王婉宁反手紧紧握住林枫的手,她的手掌温暖而坚定,眼神中充满了支持与信任:“夫君所言极是!木秀于林,风必摧之;堆出于岸,流必湍之。此时主动退后一步,并非怯懦,而是韬光养晦,是为了看清暗流,也是为了更稳、更远地前行。夫君放心,府中一切,有妾身在,必不让夫君有后顾之忧!”
她的声音温柔却带着一股不容置疑的力量,如同定海神针,彻底抚平了林枫心中最后的一丝波澜。他动情地将她揽入怀中,低声道:“得妻如此,夫复何求。有你在,我便安心。”
决策与执行,林府的应对
当日下午,林枫便亲笔书写了一份言辞恳切、情真意切的奏章。奏章中,他言及自己自北疆归来后,身体一直未能彻底调养恢复,近几日感染风寒,头目昏沉,四肢乏力,深恐精力不济,贻误国事,故恳请陛下恩准,暂时只需参与涉及北疆防务、军事部署等核心机要的会议,其余常朝及各部议事,容他静心调养一段时日。
奏章通过通政司递入宫中。

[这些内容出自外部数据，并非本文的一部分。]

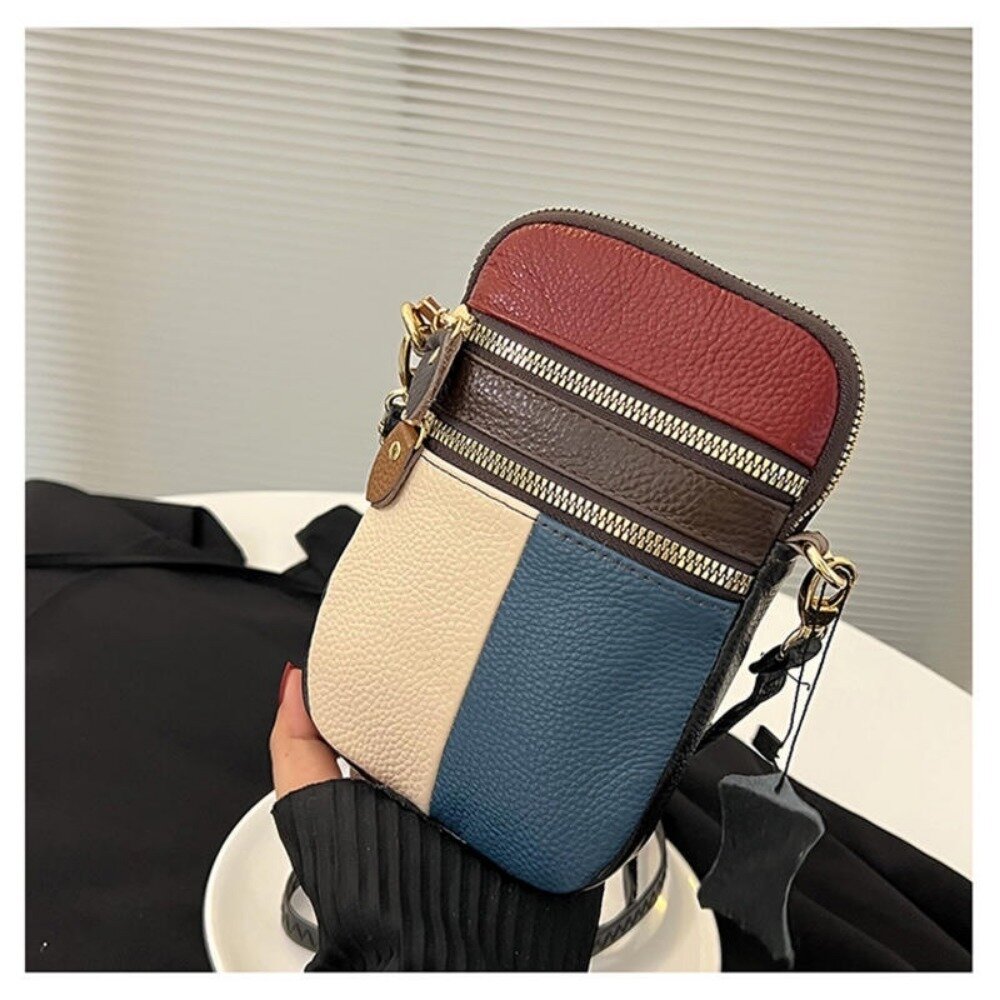 個性拚色真皮斜跨包 頭層牛皮 百搭小挎包 手機包 氣質女孩單肩小包 送禮-圖片-9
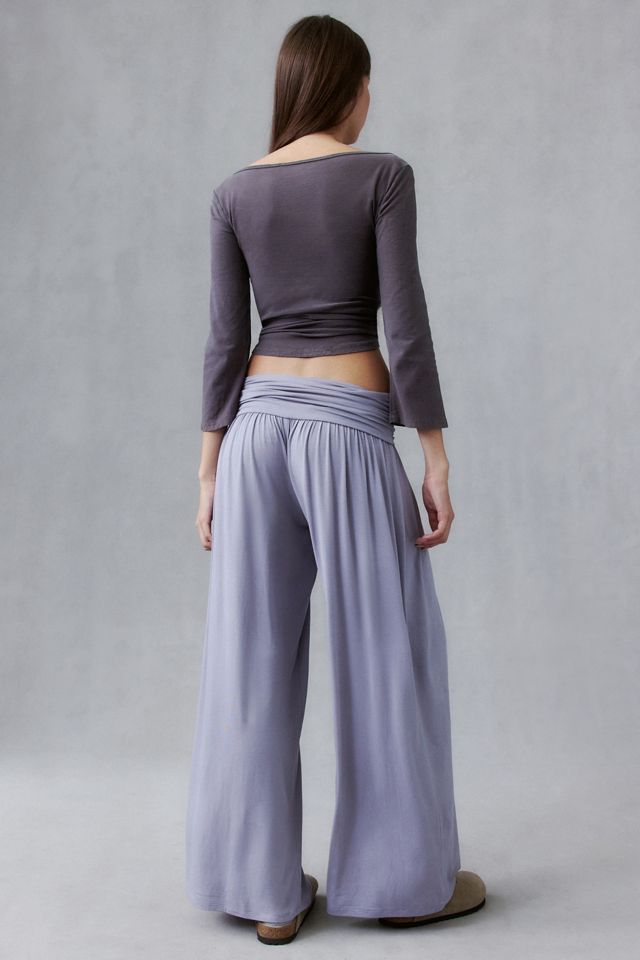 Pantalon à jambe large en jersey tricoté à taille repliée Angel Kiss Out From Under #3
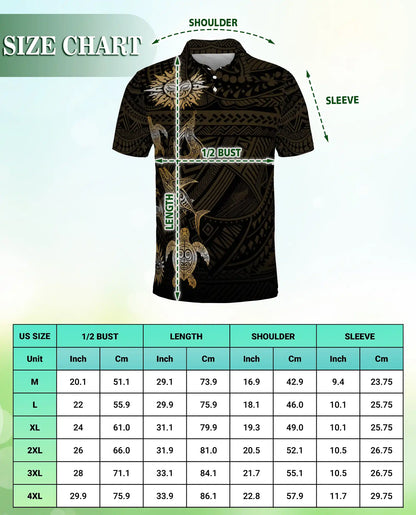Polynesian Sea Turtle 3D Polo Shirt for Men – Tribal Ocean Style | Netecom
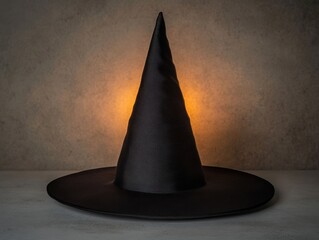 Fototapeta premium A mysterious black witch hat set against a textured background, perfect for Halloween or themed event decor.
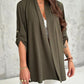 Roll Up Sleeve Casual Coat Open Front Lightweight Cardigan Top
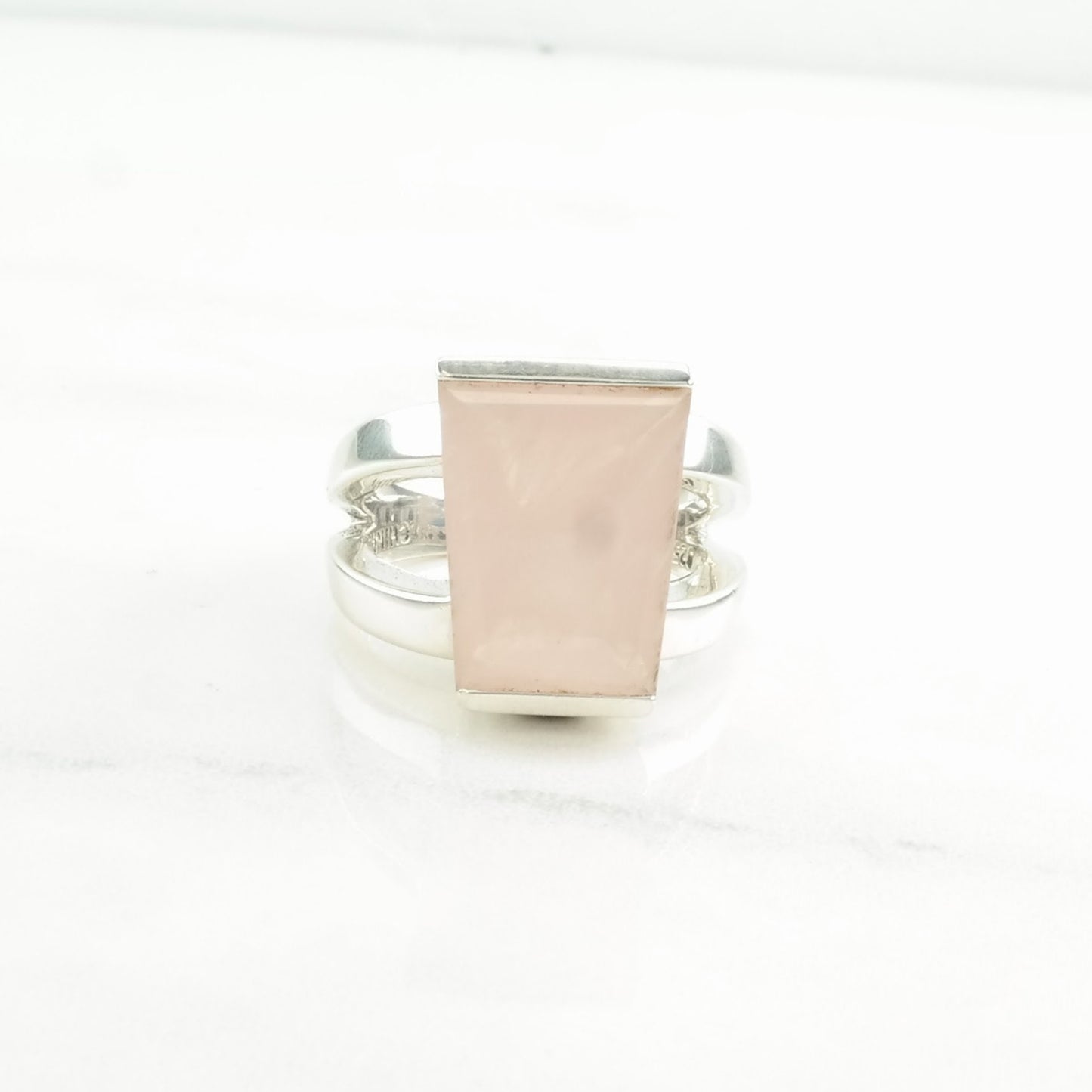 Sterling Silver Ring Rose Quartz Pink Size 8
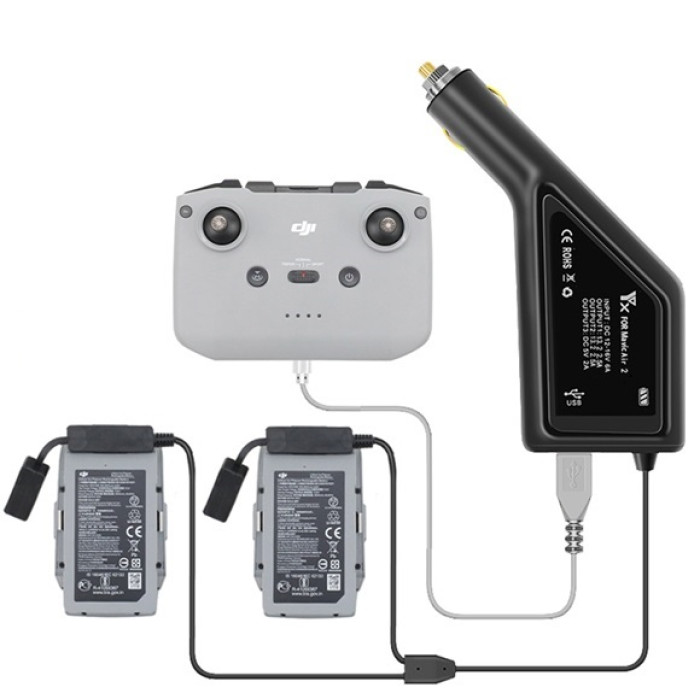 Автомобильное зарядное устройство 3в1 StartRC для DJI Mavic Air 2, DJI Air 2S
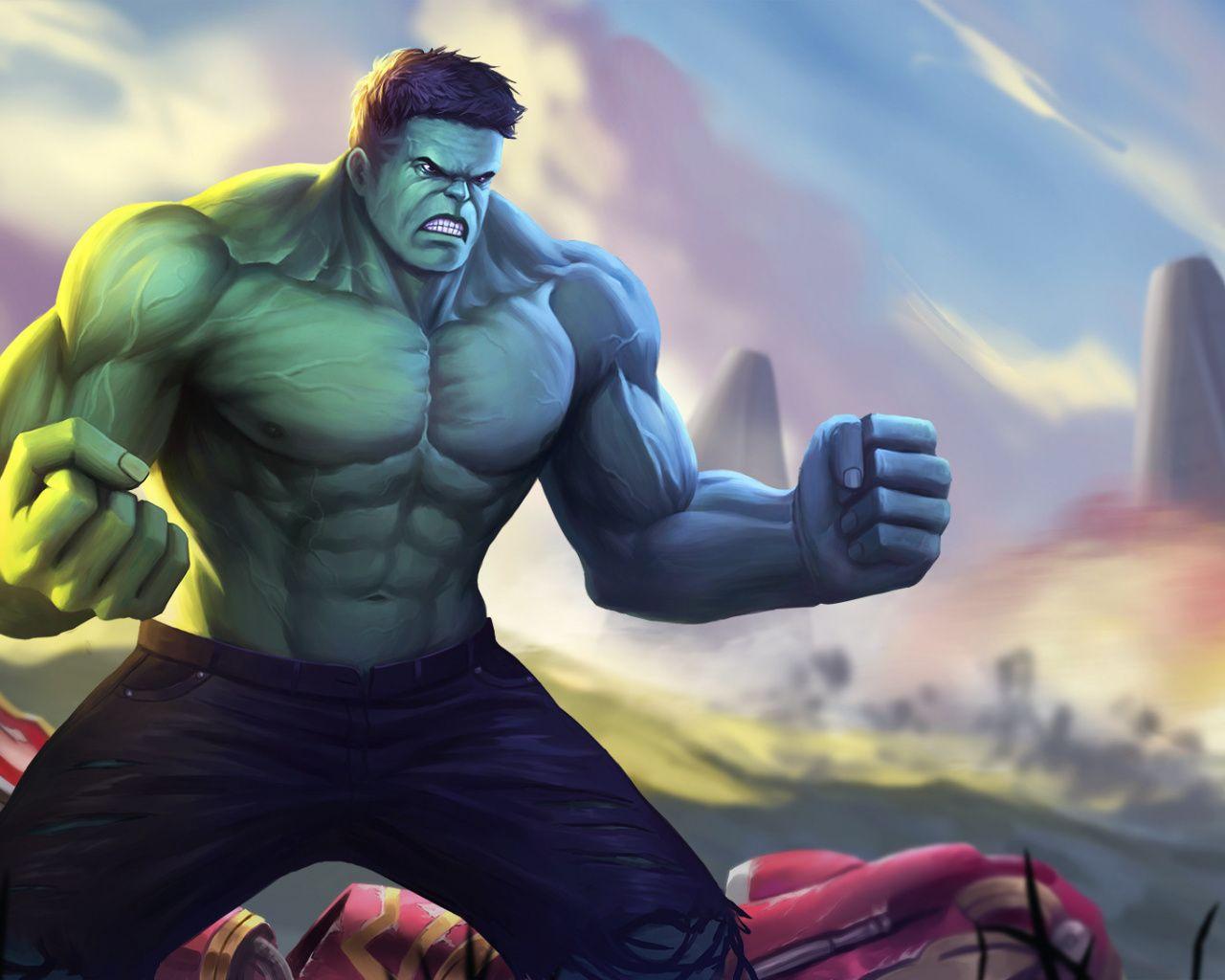 Download 1280x1024 Wallpaper Avengers: Infinity War, Hulk, Art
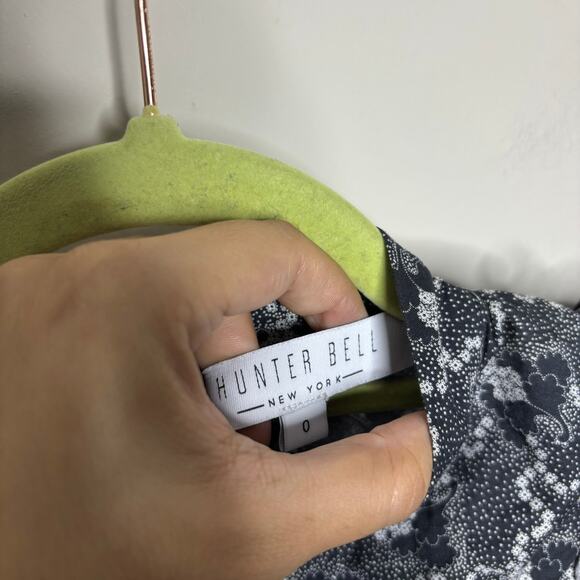 Hunter Bell NYC Black Gray Floral Stripe Eliza Ruffle Lace Top Sz 0 - Picture 5 of 11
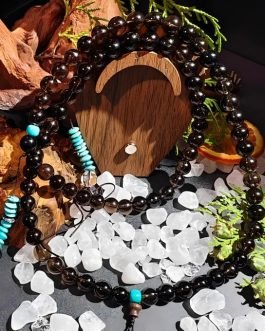 Grounded Wisdom Necklace: Smoky Quartz & Linarite for Sacred Protection | Hermit’s Path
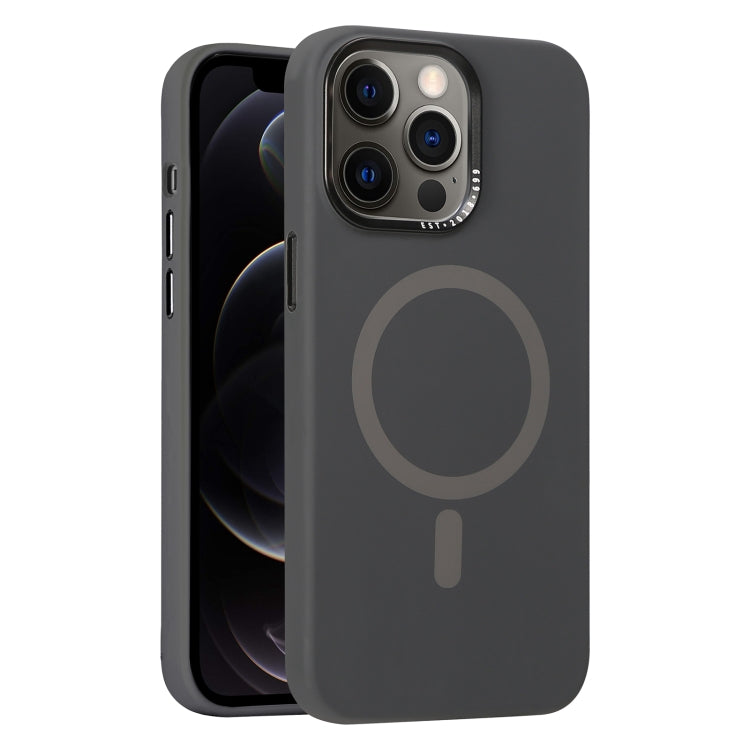 For iPhone 12 Pro Metal Lens Frame Liquid Silicone MagSafe Phone Case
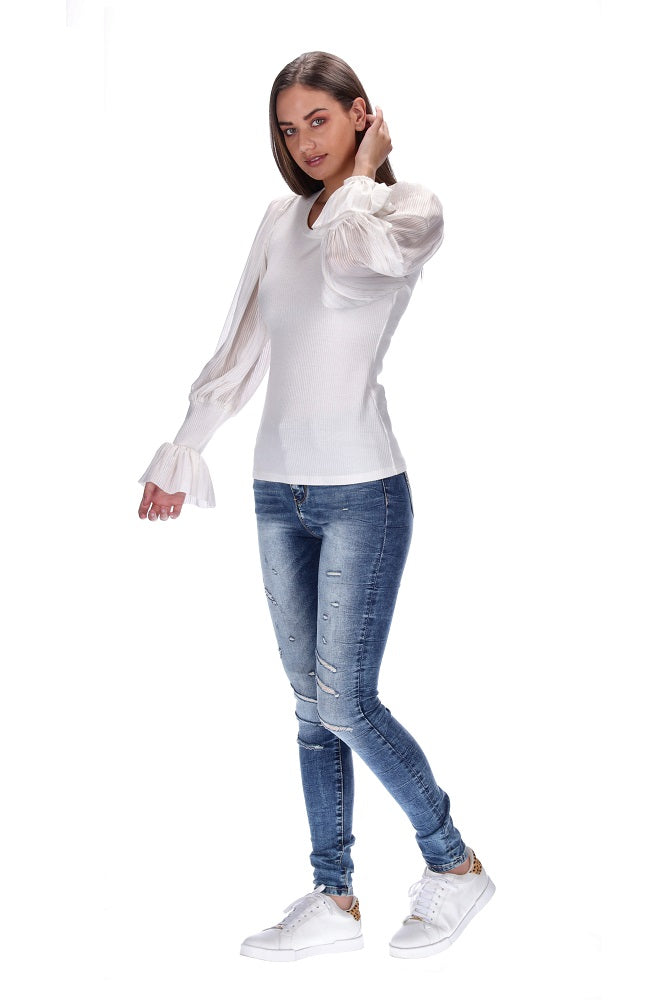 White Long Sleeve Top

不过一个多时辰,宫中的批复便由内侍送达林府,只有简短的四个字:“准奏。安心休养。”依旧是杨坚那标志性的、看不出喜怒的平淡语气。
消息像长了翅膀一样,迅速在长安官场传开。各方势力反应不一。与林枫交好的一些军中同僚,如赵军候等人,派人送来问候,言语间不乏关切与提醒;一些中立官员则持观望态度,觉得林枫此举颇为明智;而那些暗中觊觎或本就对林枫不满者,如某些关陇门阀出身的官员,则不免暗中嗤笑,认为这边陲爬上来的“暴发户”终究是底气不足,稍受敲打便露了怯,更有甚者,开始揣测陛下那“安心休养”背后,是否已对林枫心生嫌隙,其圣眷是否已不如前。
对于外界的种种猜测与议论,林府选择了彻底的沉默。朱红色的大门终日紧闭,只留一侧角门供必要出入,门房对任何前来探访的客人都恭敬而坚决地婉拒:“家主染恙,需静养,恕不见客。”